Learn
Data Cleaning in R
Dealing with Duplicates

Often we see duplicated rows of data in the data frames we are working with. This could happen due to errors in data collection or in saving and loading the data.

To check for duplicates, we can use the base R function `duplicated()`, which will return a logical vector telling us which rows are duplicate rows.
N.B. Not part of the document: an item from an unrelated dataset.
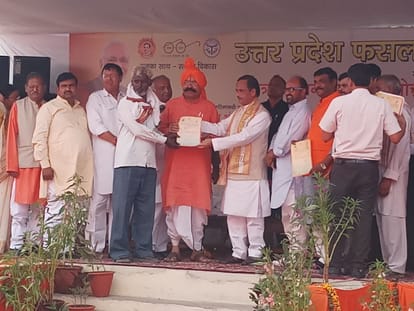 big fault in security of deputy cm dinesh sharma in agra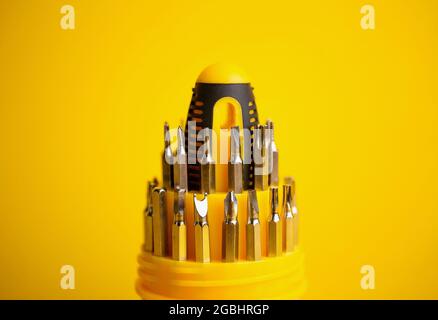 set di cacciaviti per micro lavori su sfondo giallo Foto Stock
Let’s say we have a data frame `fruits` that represents this table:

item price calories
“banana” “\$1” 105
“apple” “\$0.75” 95
“apple” “\$0.75” 95
“peach” “\$3” 55
“peach” “\$4” 55
“clementine” “\$2.5” 35

If we call `fruits %>% duplicated()`, we would get the following vector:

``>> [1] FALSE FALSE TRUE FALSE FALSE FALSE``

We can see that the third row, which represents an `"apple"` with price `"\$0.75"` and `95` calories, is a duplicate row. Every value in this row is the same as in another row (the previous row).

We can use the dplyr `distinct()` function to remove all rows of a data frame that are duplicates of another row.

If we call `fruits %>% distinct()`, we would get the table:

item price calories
“banana” “\$1” 105
“apple” “\$0.75” 95
“peach” “\$3” 55
“peach” “\$4” 55
“clementine” “\$2.5” 35

The `"apple"` row was deleted because it was exactly the same as another row. But the two `"peach"` rows remain because there is a difference in the price column.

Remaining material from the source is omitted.